Wojny klanów Niemcy
Szare audi A6 avant zatrzymuje się na skrzyżowaniu. Z samochodu wysiada dwóch zamaskowanych mężczyzn i kieruje się w stronę nocnego sklepu. Oddają trzy strzały do jednego z mężczyzn przed sklepem. I znikają niepostrzeżenie.
Brzmi jak film o mafii, jednak ta scena rozegrała się na jednej z ulic Berlina w dzielnicy Kreuzberg. Ofiara została ciężko ranna, ale udało się ją uratować. Jak podała policja, motywem zamachu było „zranione poczucie honoru”. Śledztwo ujawniło, że kilka godzin wcześniej doszło do kłótni między dwiema arabskimi rodzinami. Młodszy mężczyzna nie przekazał należytego pozdrowienia stosownego do pory dnia starszemu mężczyźnie z innego klanu.
To doprowadziło obie rodziny do furii i zakończyło się strzelaniną.
Przed kilkoma dniami berlińskie media donosiły o zagadkowym porwaniu w środku miasta. W biały dzień na stacji Neuköln na oczach wielu świadków dwóch mężczyzn zmusiło 14-latka, grożąc mu nożem i pistoletem, do pójścia z nimi. Porywacze zadzwonili do rodziny chłopca i zażądali dużej sumy. Jak donosi „Bild”, motywem porwania i żądania okupu był prawdopodobnie spór między klanami.
Także w Monachium doszło w kwietniu do krwawej bójki. Dwudziestu członków dwóch rumuńskich klanów atakowało się nawzajem na eleganckiej ulicy Maximilianstrasse. W ruch poszły noże, siekiery i maczety. Siedem osób zostało rannych.
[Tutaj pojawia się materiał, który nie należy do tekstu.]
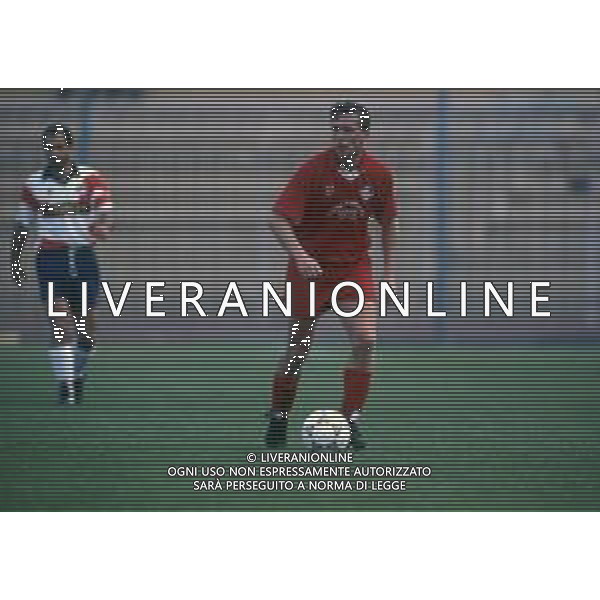 RETROSPETTINA GIAN PAOLO MANIGHETTI CALCIATORE NELLA FOTO GIAN PAOLO MANIGHETTI CON LA MAGLIA DEL PIACENZA CALCIO AG ALDO LIVERANI SAS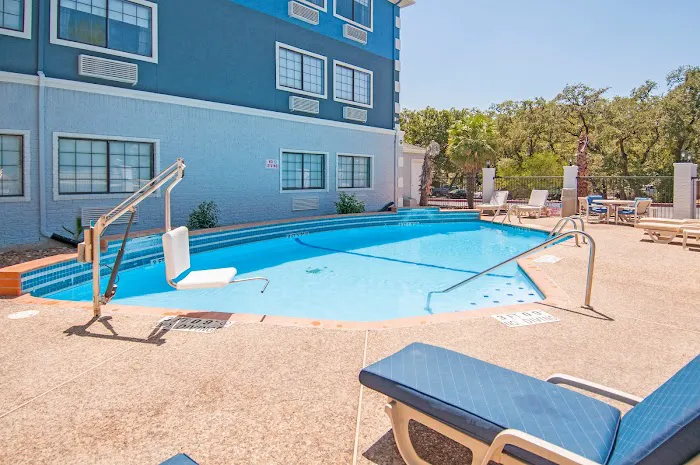 Days Inn & Suites by Wyndham San Antonio North/Stone Oak 4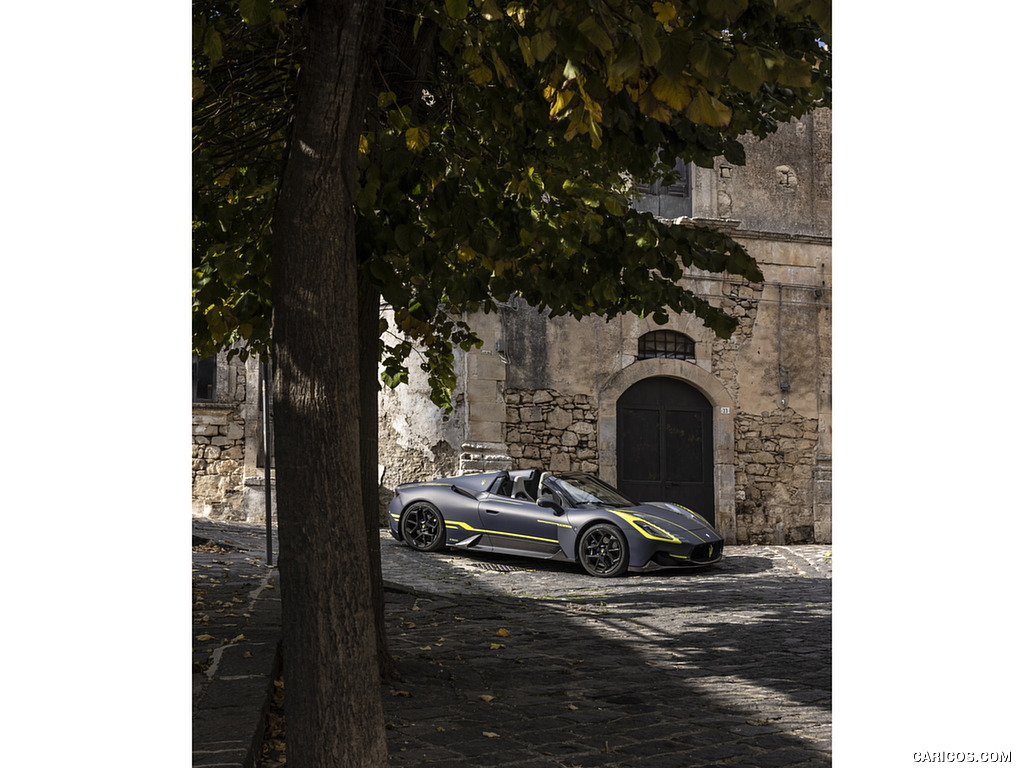 2023 Maserati MC20 Cielo (Color: Night Matte Interaction) - Front Three-Quarter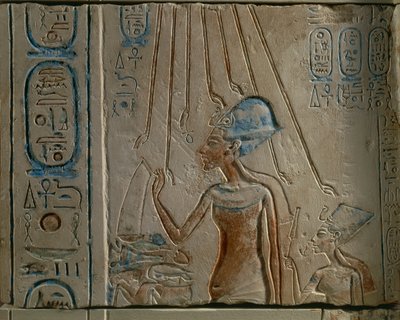 Egyptisk gravering, der repræsenterer Akhenaten og Nefertiti, der tilbeder solskiven, fra Tall al-Amarna, Egypten, New Kingdom, XVIII-dynastiet af Egyptian 18th Dynasty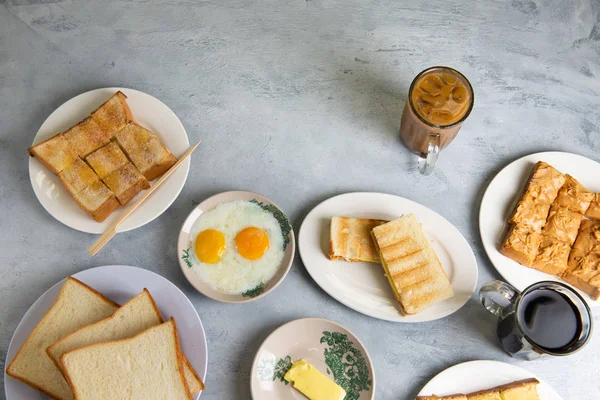 Typisk Malaysisk Frukost Nanyang Kök Med Kopieringsutrymme Royaltyfria Stockbilder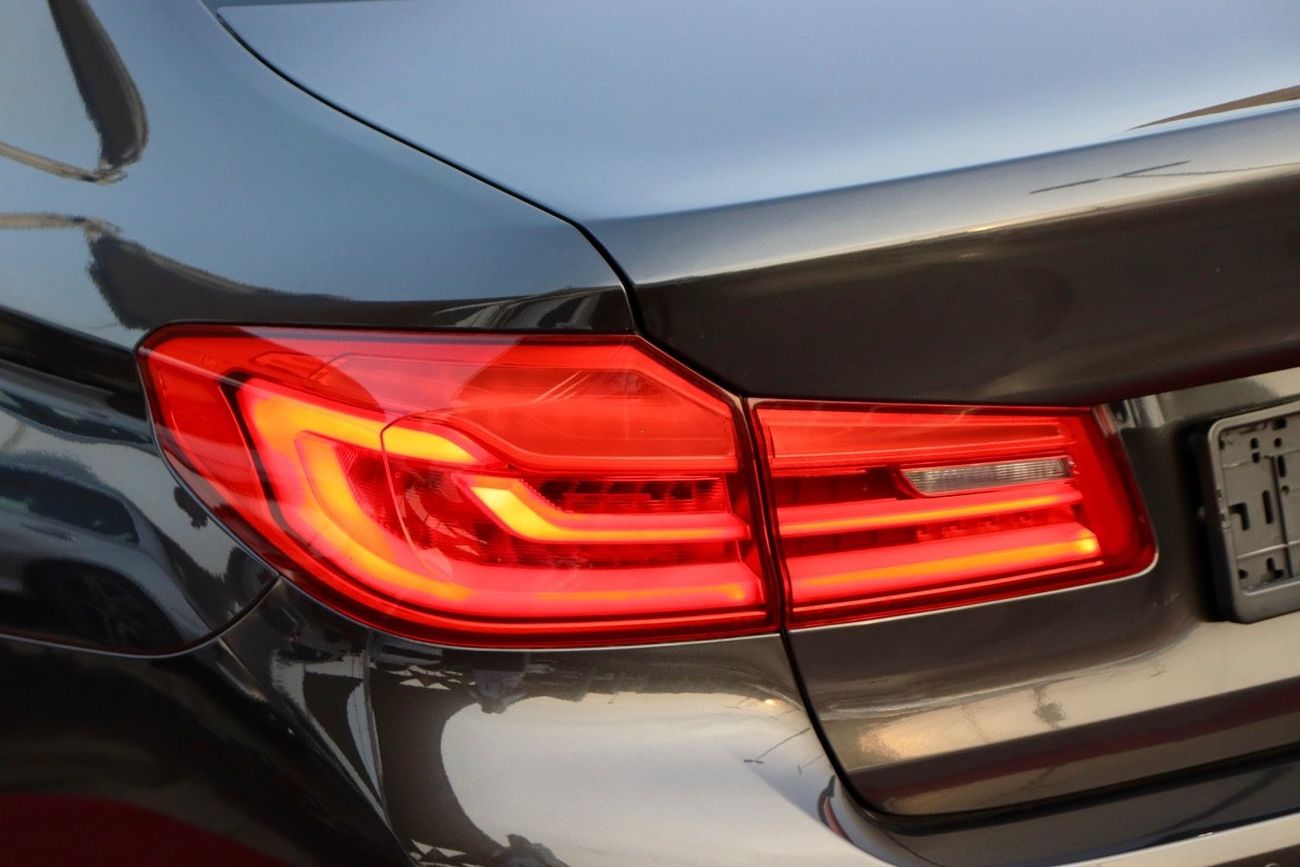 BMW 530i BMW 530i / 2019 / GCC / Full Service History/ Luxury Line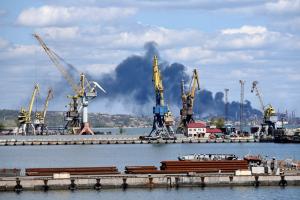 "Весенняя навигация возобновилась": В порту Мариуполя заметили первый корабль РФ с начала года - фото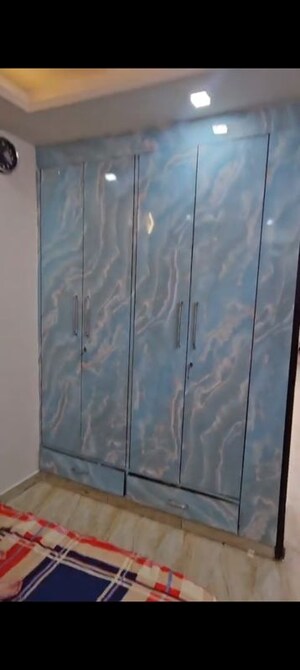 Furnished Amenities in 3 BHK Builder Floor at Vasundhara Sector 5 – for Sale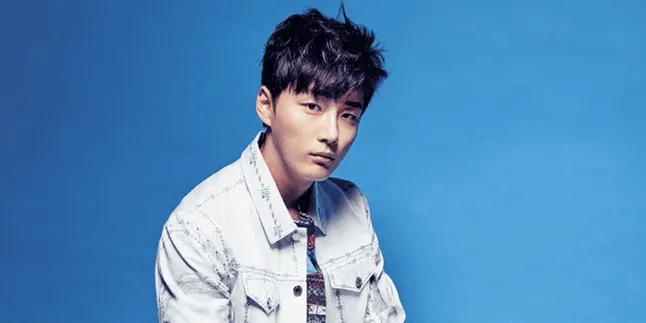 Yoon Shi Yoon Jadi Saudara Kembar Beda Nasib di Drama 'Dear Judge' Yoon Shi Yoon Jadi Saudara Kembar Beda Nasib di Drama 'Dear Judge'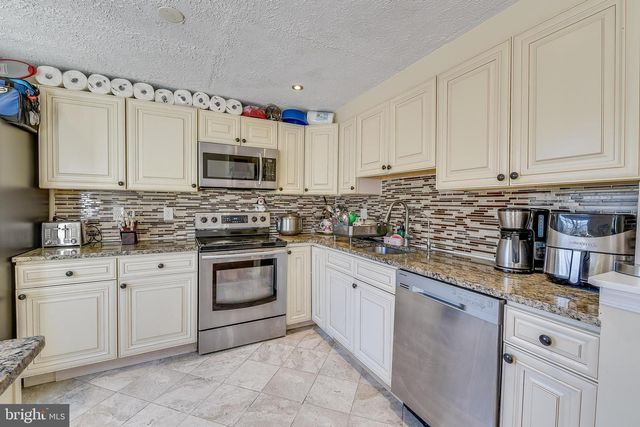 25527 COLTRANE DR, Damascus, MD 20872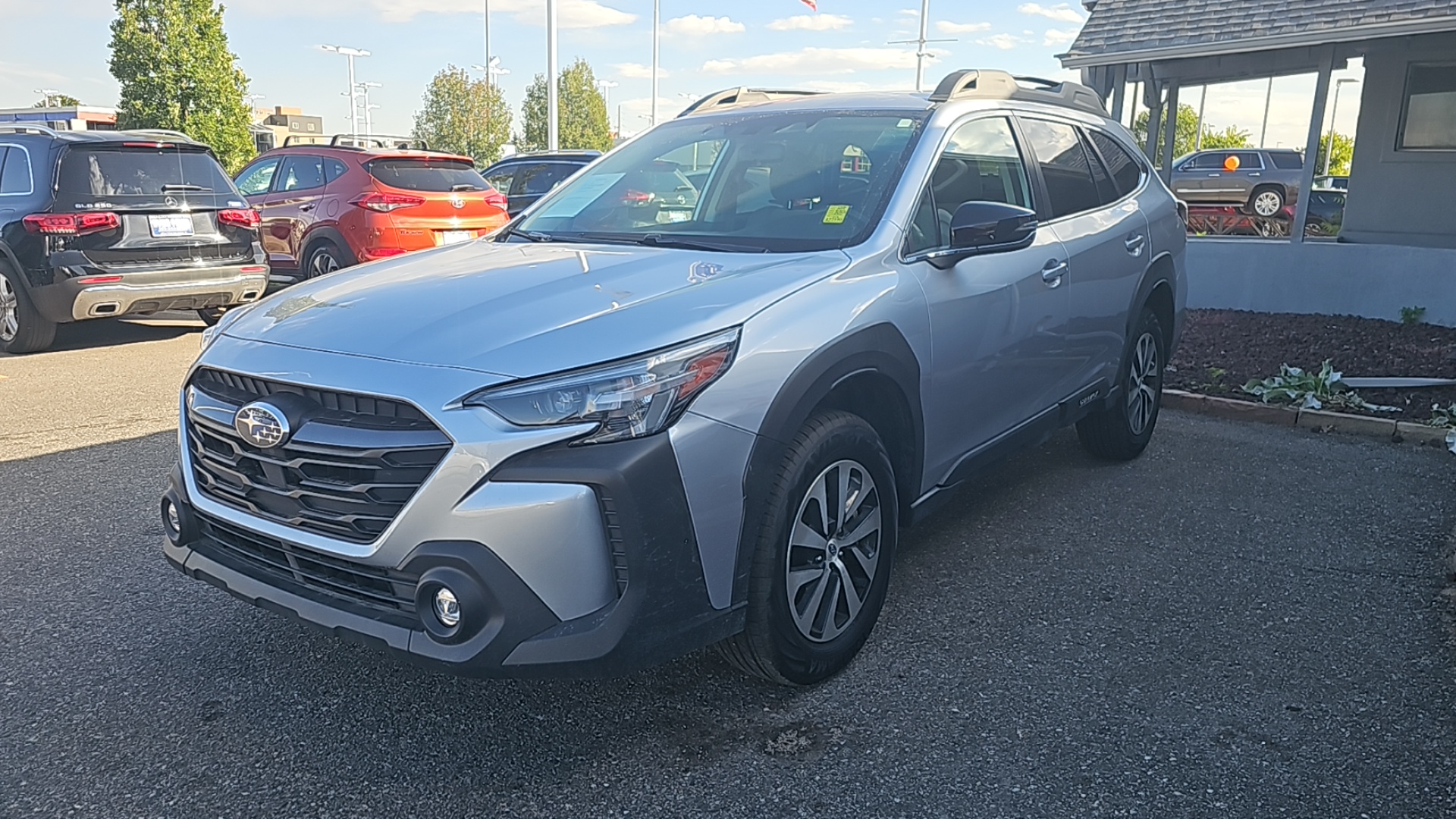 2023 Subaru Outback Premium AWD, Heated Seats, Backup Camera, Bluetoot 3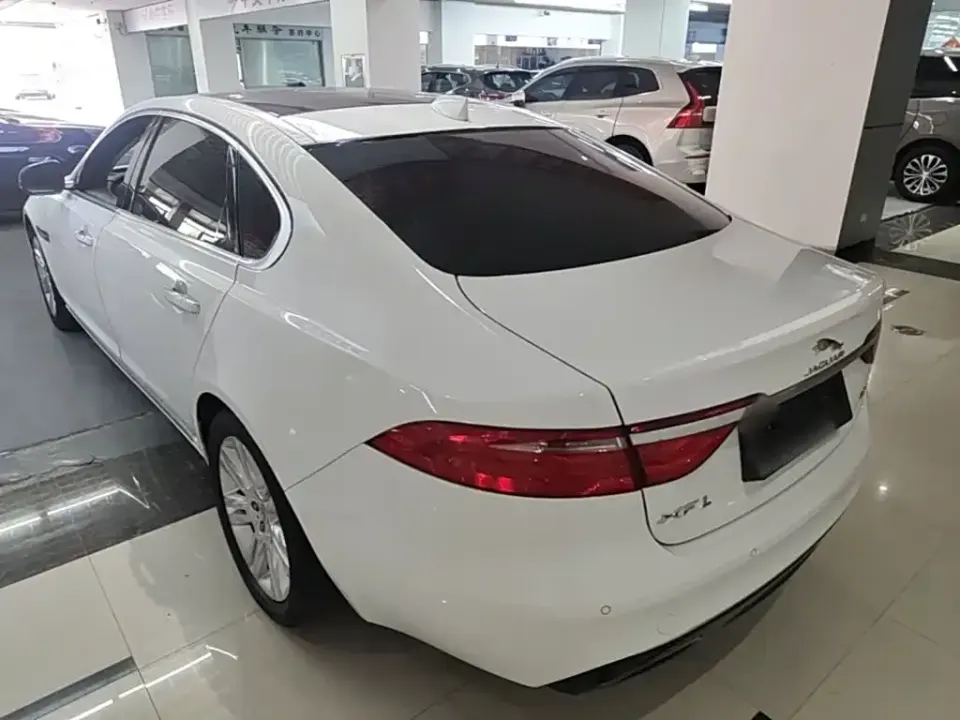 Jaguar XFL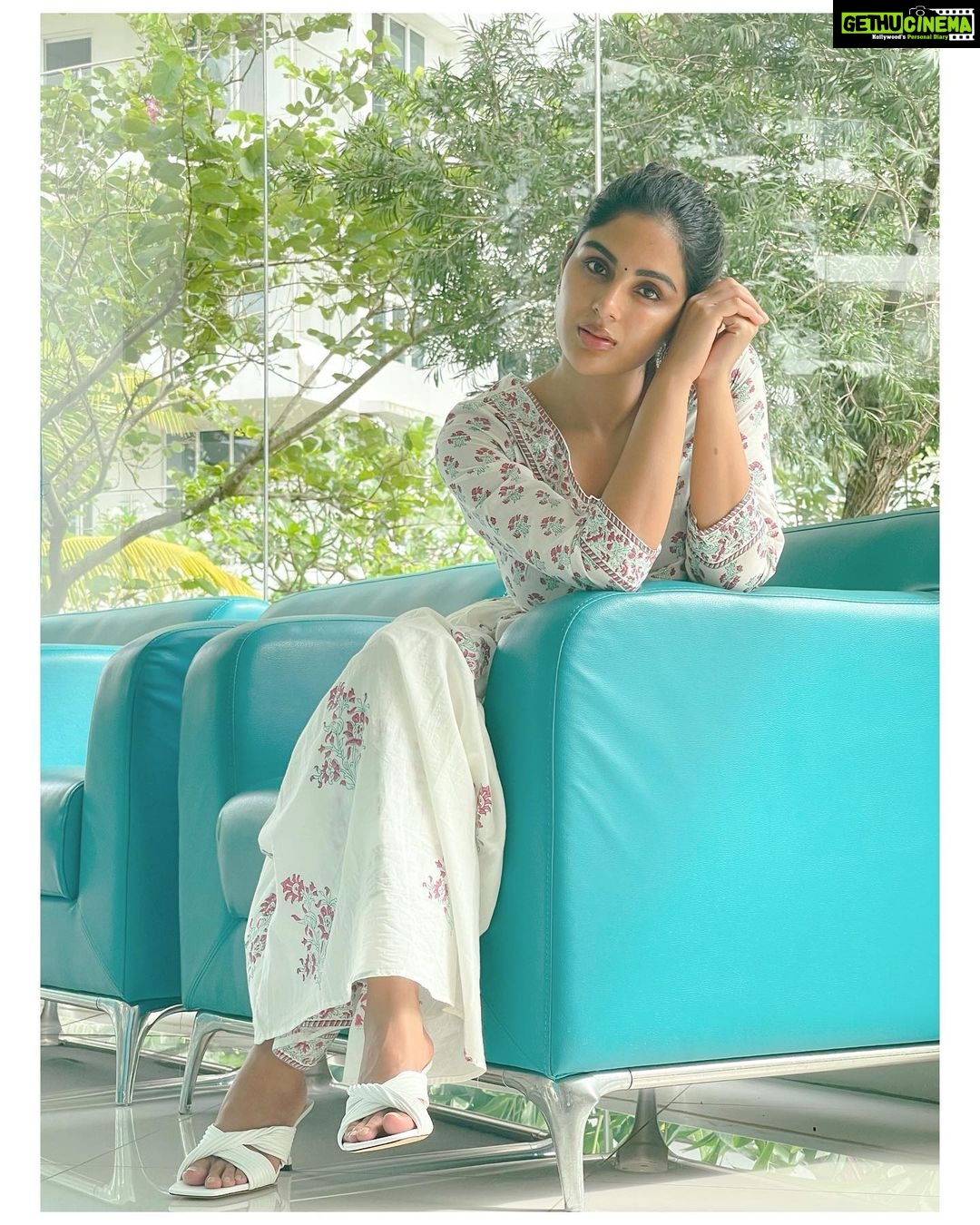 Samyuktha Menon Instagram - Peek-a-boo at the windows to my soul 💚 Wearing @theloom.in #peekaboo #windows #soul #iamsam #talesofsam #samoninsta #heythere #sayhello #sayhi #coloursofinsta #instamood #floral #white #huesoflife #musings #standstill #breathe #wowsome #finding #searching #epic #instadaily #photooftheday #instaclouds #flyhigh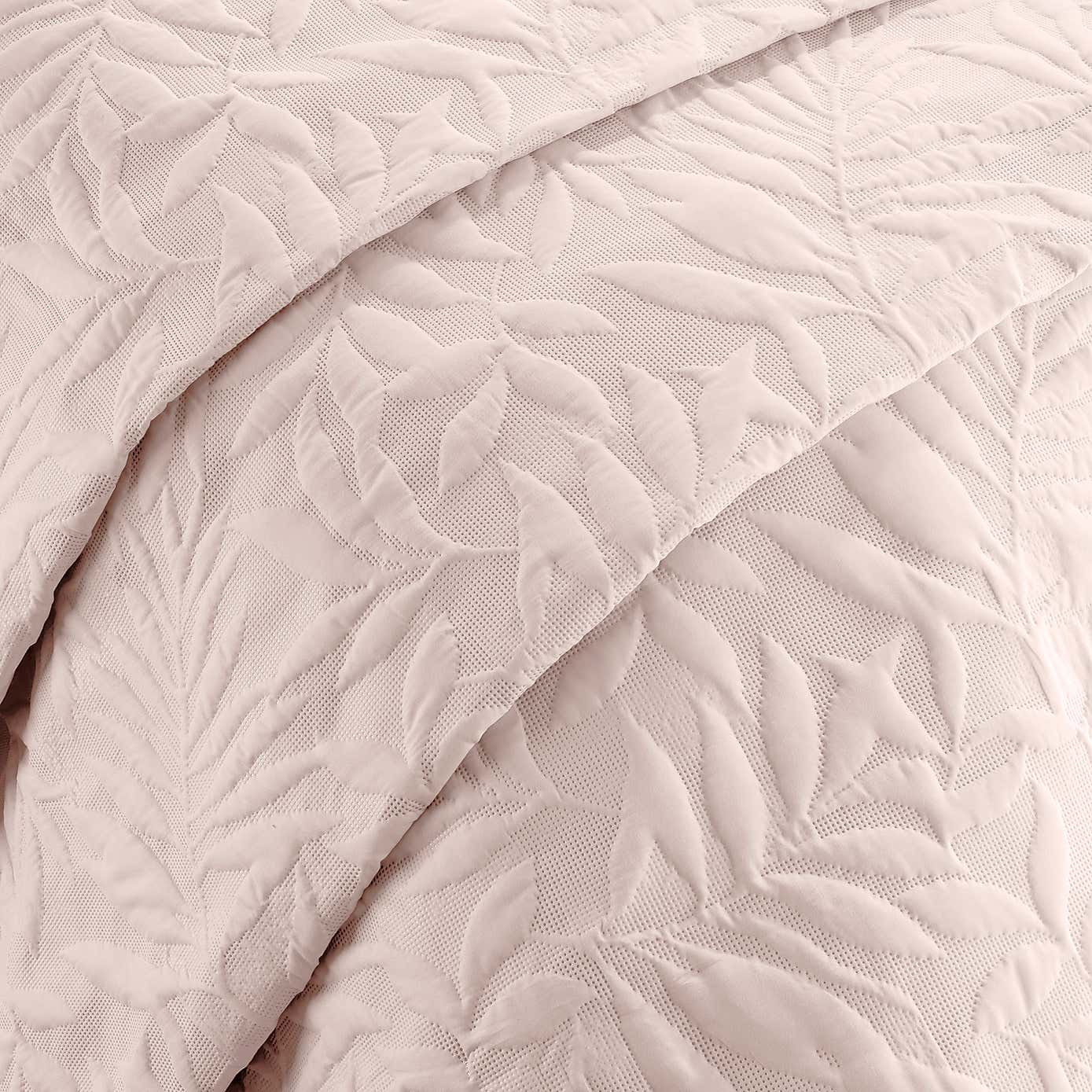 Luana Bedspread 230cm x 200cm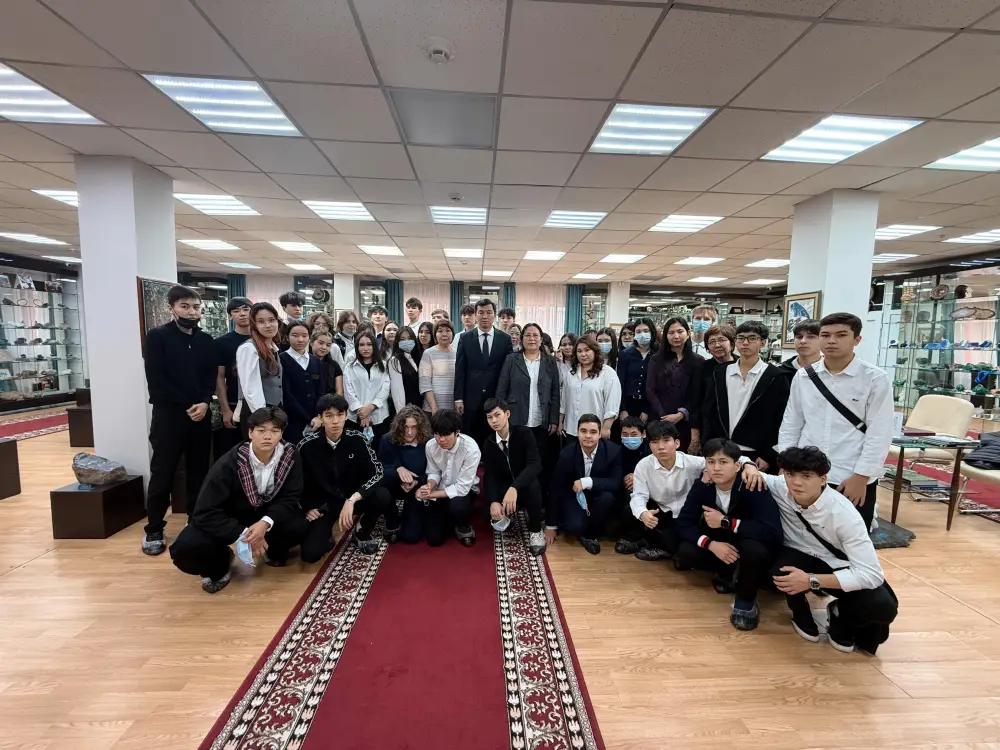 Столичные школьники открыли для себя мир минералов и ценности государственной службы (8)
Takie sceny rozgrywają się na ulicach niemieckich miast coraz częściej. Media donoszą o eskalacji wojen klanów. Szacuje się, że 200 tysięcy osób żyje na terenie Niemiec w dużych rodzinnych klanach. Większość z nich pochodzi z Libanu, Syrii, Iraku i Turcji.
Jak zaznacza Federalny Urząd Kryminalny (BKA), nie wszyscy członkowie rodzin są przestępcami.
Niemiecka policja definiuje przestępczość klanową jako „czyny kryminalne popełniane przez członków należących do izolowanych etnicznie struktur”, co idzie w parze z „silnym własnym systemem wartości i zasadniczym odrzuceniem niemieckiego systemu prawa”. Jak podaje „Berliner Zeitung”, „rodziny klanowe przez dziesięciolecia oszukiwały niemieckie sądownictwo. Zbyt długo im na to pozwalaliśmy”. W 2018 roku senat uchwalił pięciopunktowy plan do walki z przestępczością klanową i od tej pory wzmożono działania przeciwko podejrzanym z dużych rodzin arabskiego pochodzenia. W tym roku do końca kwietnia policja przeprowadziła 62 duże kontrole wraz z urzędem skarbowym oraz inspekcją handlową. Na celowniku znalazły się głównie bary szisza, salony gier, restauracje.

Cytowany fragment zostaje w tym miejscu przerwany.